The demonstration took place at the Observatory Dome adjacent to Naraghi Hall of Science. Stan State students had the opportunity to look through a telescope in order to witness the planet Mercury moving across the Sun during the daytime.
Stan State students, faculty, and the local community visited the event and were welcomed with coffee and donuts by the ‘Science In Our Community' outreach program.
Junior high school students came eager to learn more about astronomy. While other individuals participated because they wanted to get a detailed look of Mercury.
Theoretical and computational astrophysics professor, Dr. Brian Morsony expressed his thoughts about hosting the event. “It’s great to get the public interested in astronomy and interested in science and give them motivation to learn about science and get excited about it.”
Alison McNally (faculty, Geography) commented about the event. “I am really excited to see the faculty on our campus use the technology that we have and open up to students and to the community," McNally said.
Morgan Hicks (sophomore, Physical Science) explained her experience looking at the planet Mercury on the telescope at the Observatory Dome. “It’s really awesome.

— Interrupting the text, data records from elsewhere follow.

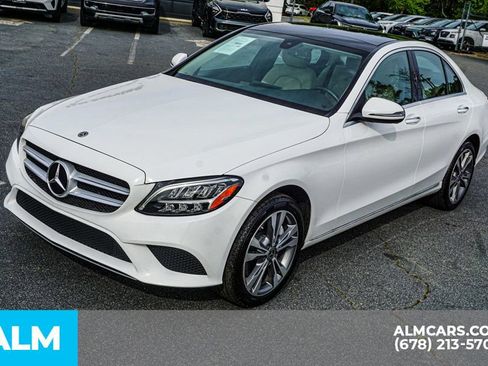 Used 2021 Mercedes-Benz C 300 4MATIC Sedan image 15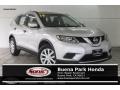 2016 Brilliant Silver Nissan Rogue S  photo #1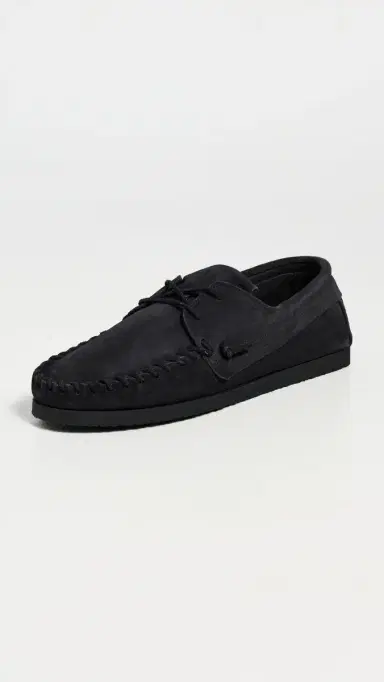 Isabel Marant Fenlis Suede Loafers Faded Black | Thumbnail 2 Isabel Marant Fenlis Suede Loafers Faded Black | Thumbnail 2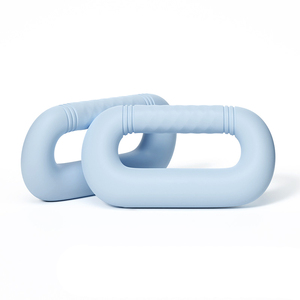 Xách tay PVC chống trượt xử lý Nhà Phòng tập thể dục tập thể dục quả tạ tay trọng lượng cho Pilates - Product Image 4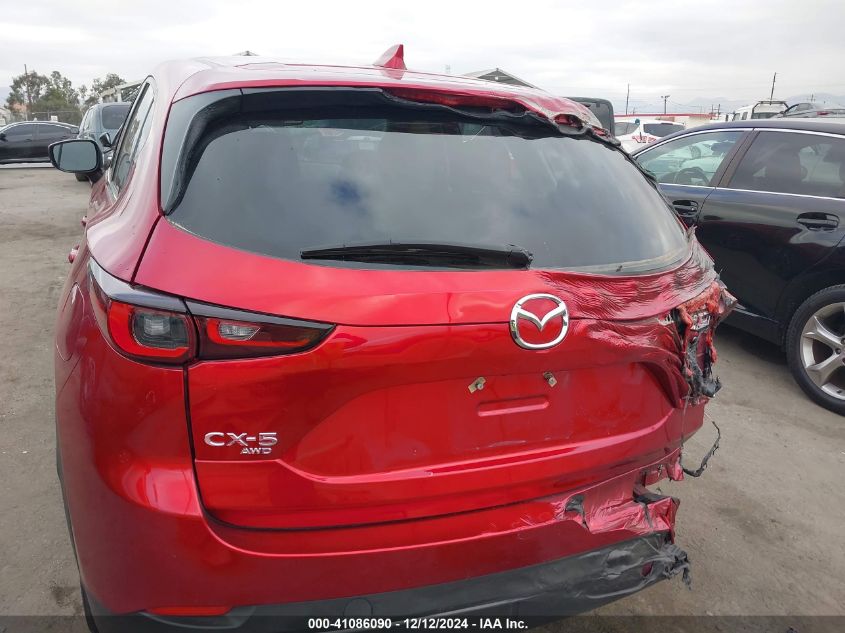 2023 Mazda Cx-5 2.5 S Premium VIN: JM3KFBDM9P0195954 Lot: 41086090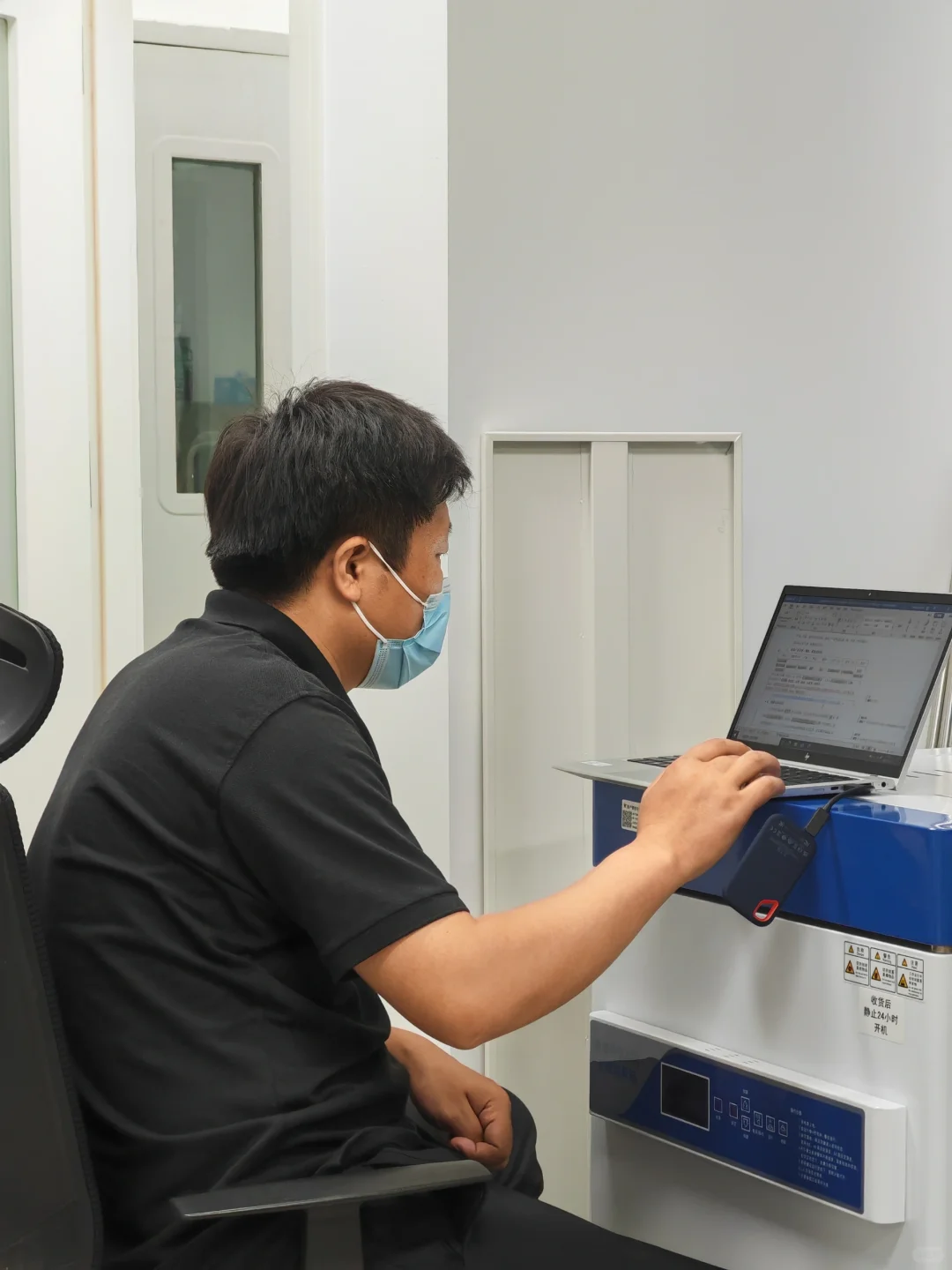 仪器公司的工程师真的是神一样的存在!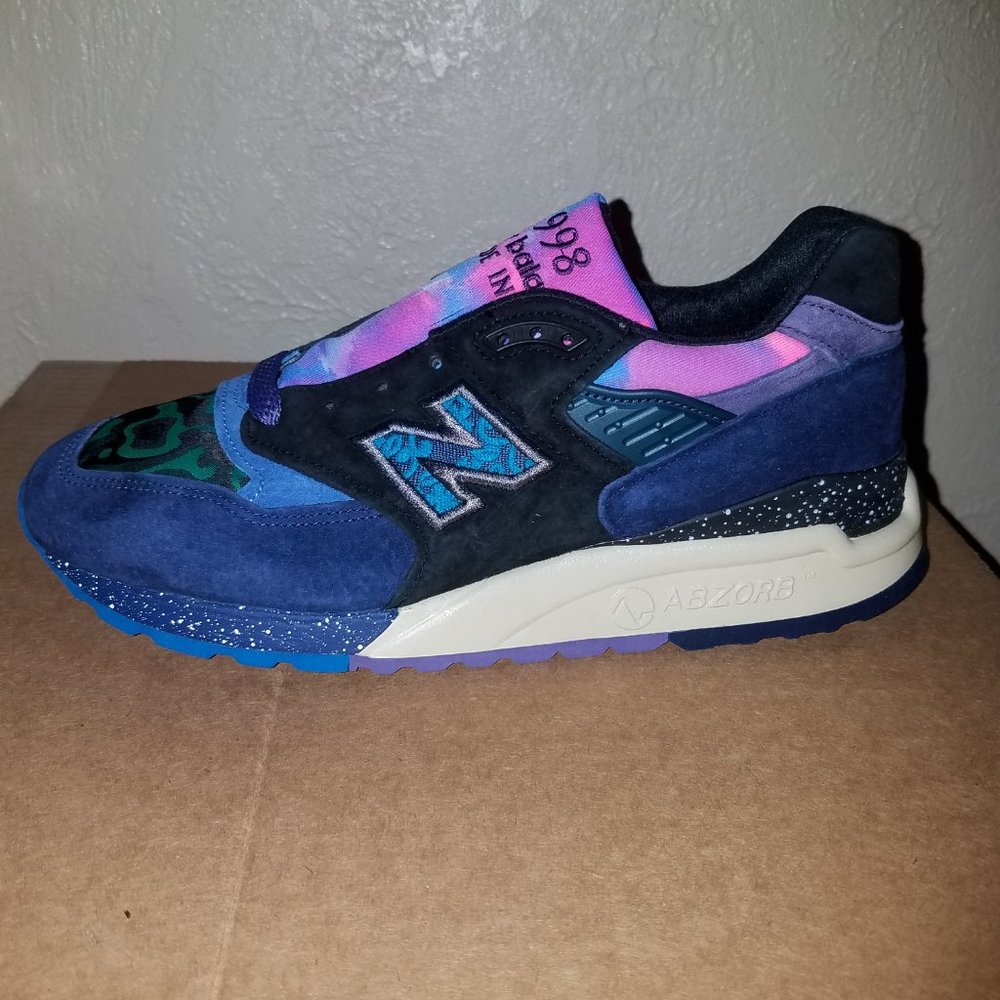 New Balance Made in US 998 Men's 8 D (Wide) - Picture 13 of 16
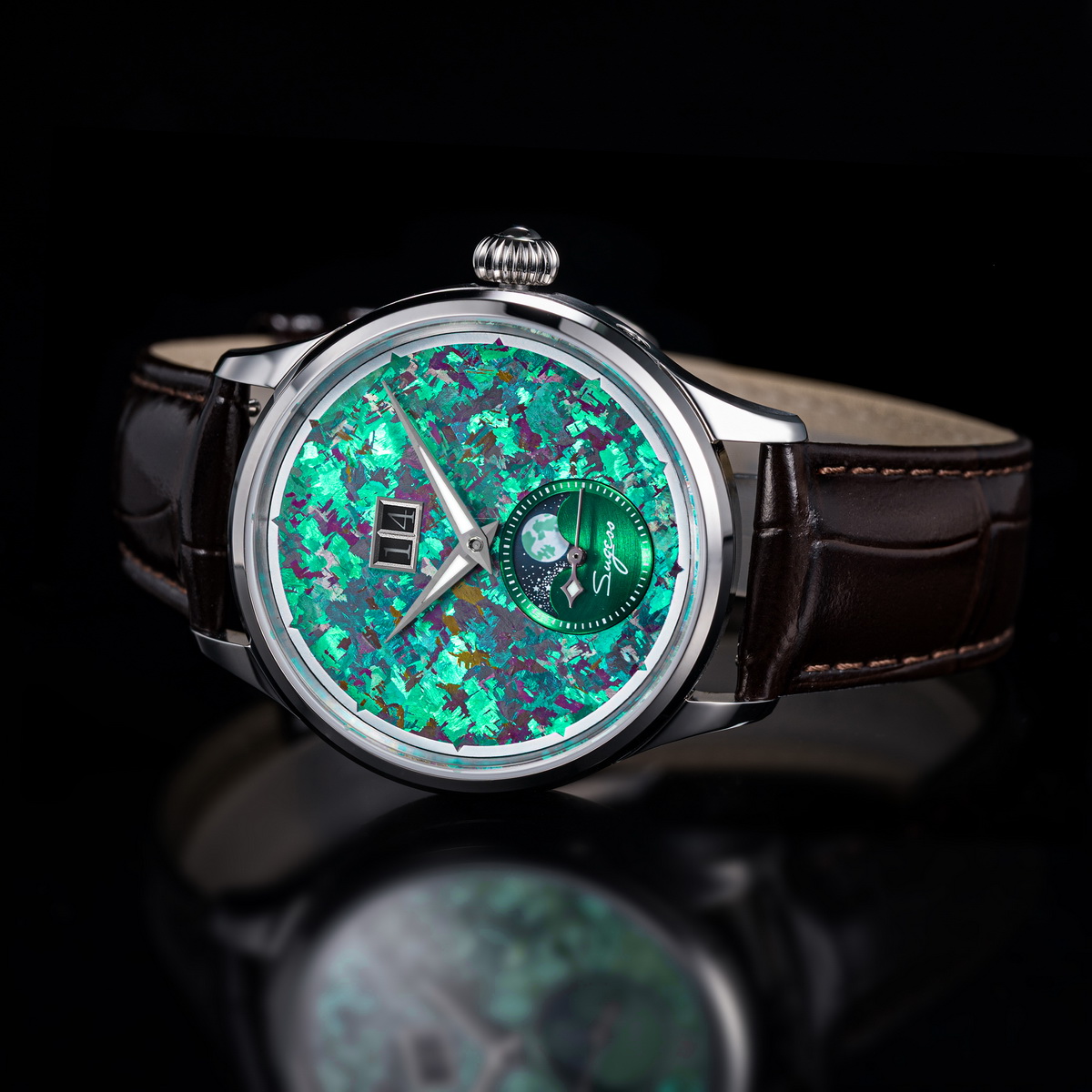 Relógio Masculino Sugess com M - Rolex Watch Submariner avaliação e preço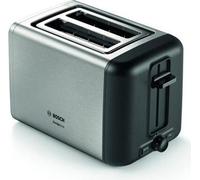 Bosch TAT5P420 Grille-pain 2 tranche(s) 970 W noir - inox (TAT5P420)
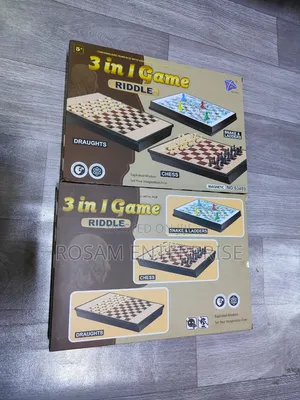 3-in-1 Chess Game Set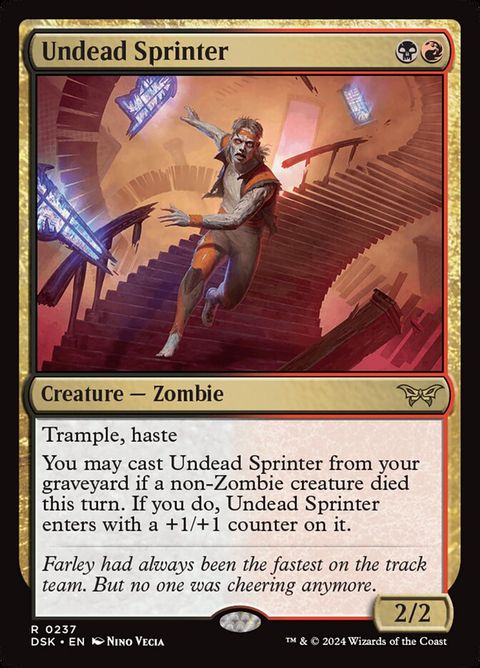 Undead Sprinter (237)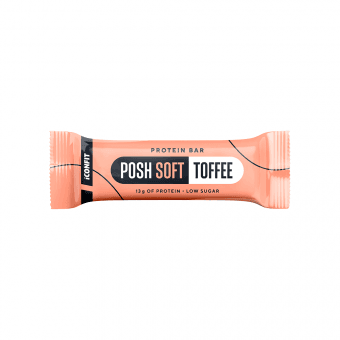ICONFIT Posh SOFT baltyminis batonėlis Toffee skonio, 40 g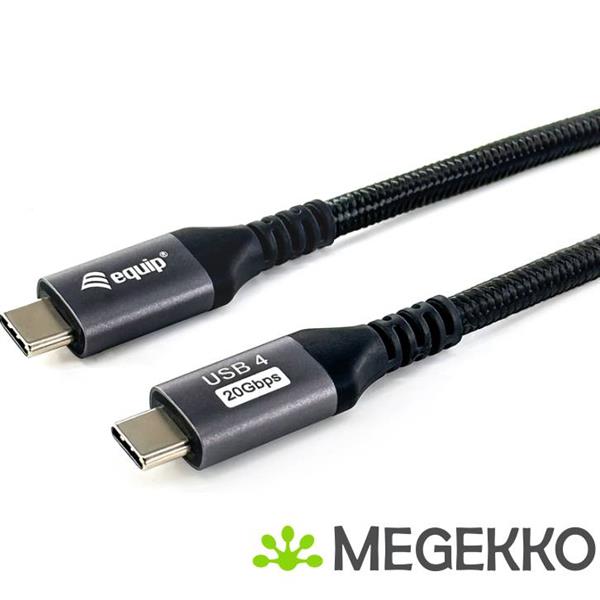 Grote foto equip 128382 usb kabel 2 m usb4 gen 2x2 usb c zwart computers en software overige computers en software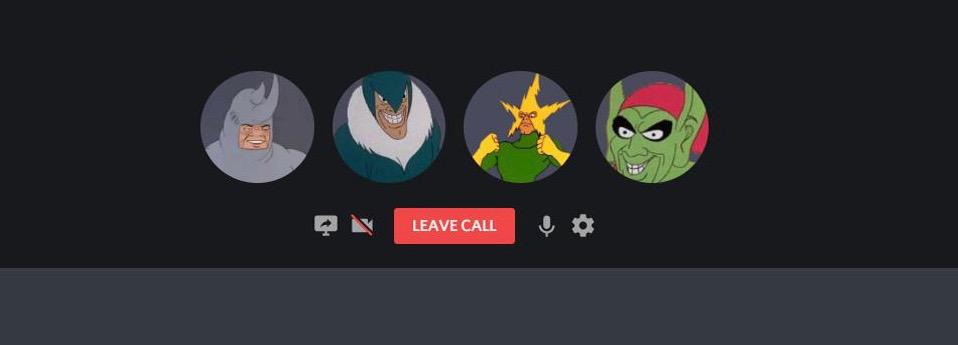 me and the boys in discord Blank Meme Template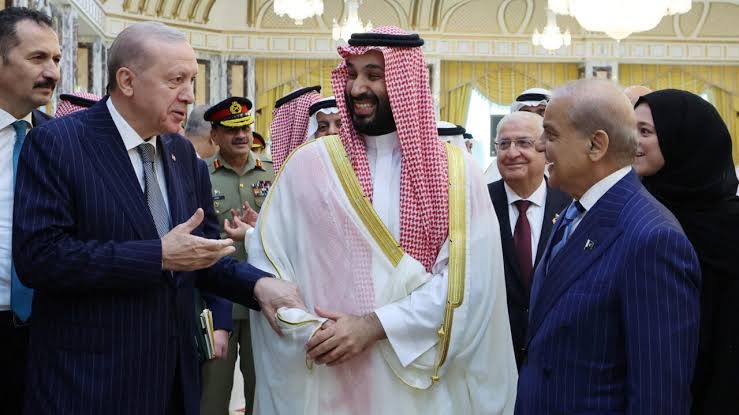 رهبران عربستان و پاکستان
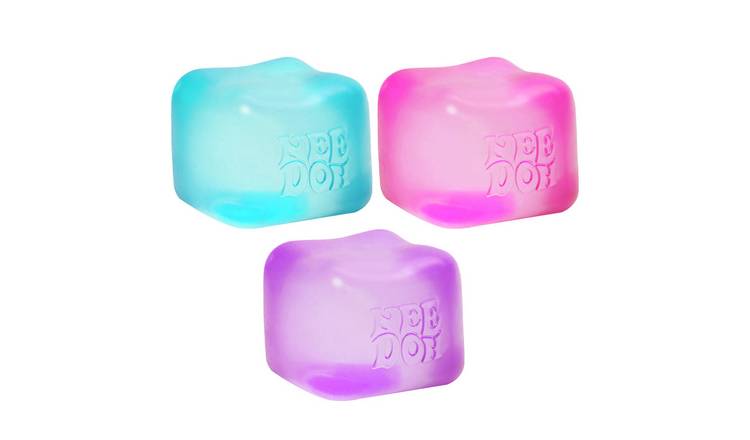 NeeDoh Nice Cube Sensory Toy - 3 Pack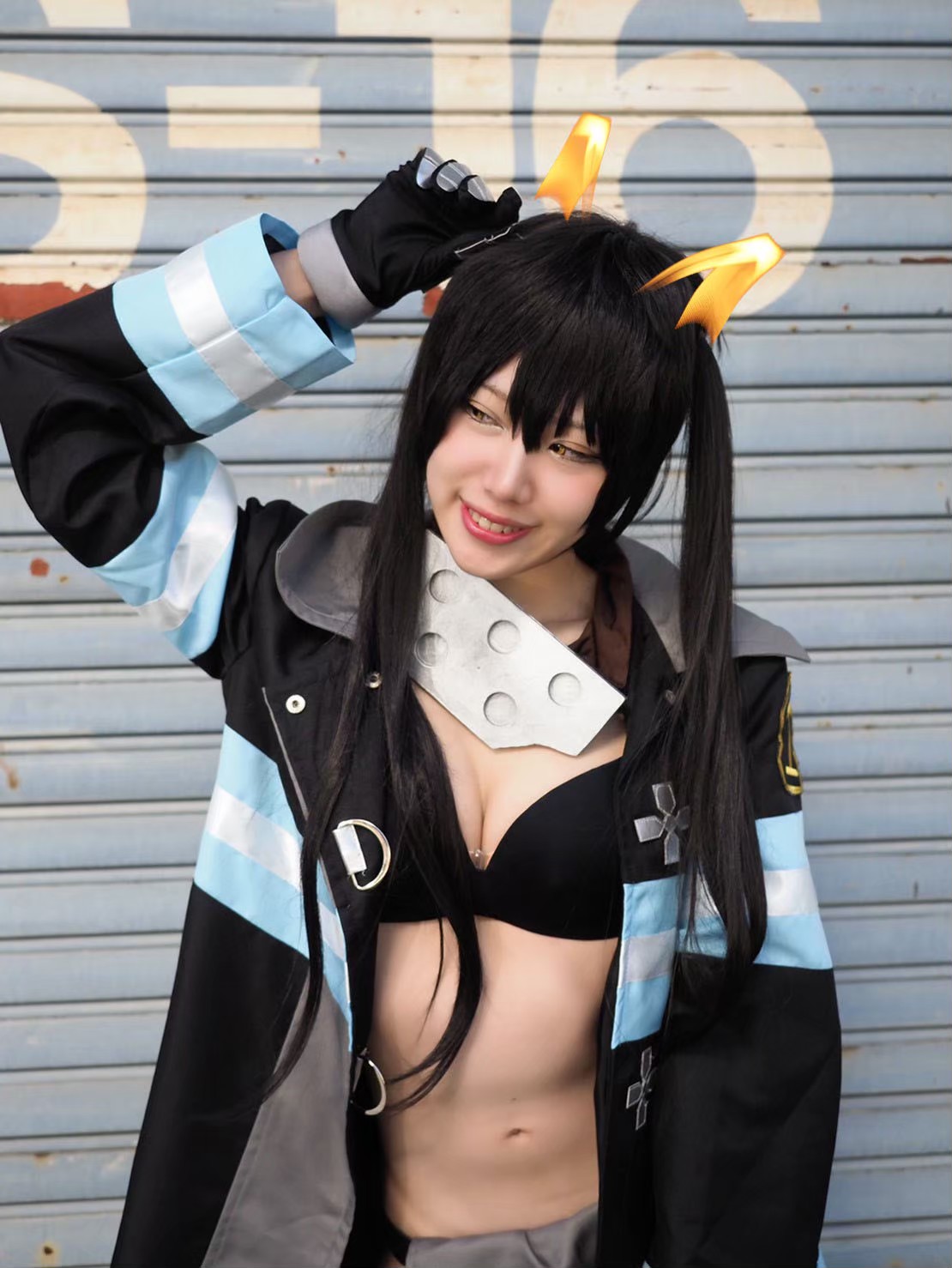 炎炎ノ消防隊 環古達 - コスプレイヤーズアーカイブ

Mercury is really small.”
Hicks said, “I am really excited. I actually didn’t know about this event until last night and I was like. There was no doubt in my mind that I wanted to be there.”
Miriam Moreno, the Science In Our Community Coordinator, explained why Morsony hosted the event. “One of our priorities is to create a community around science and we are accomplishing that because we have volunteers in our faculty, staff and students.”
“This is how get the interest. This can lead to children studying physics or mathematics and this is an entry way to learn a bit of science,” Moreno said.
Morsony announced that he will be co-hosting the Astronomy Night on Friday, November 15, 2019 from 6:30 PM PST to 9:30 PM PST.
The ‘Transit of Mercury’ created an awe-inspiring experience for students, faculty and the local community.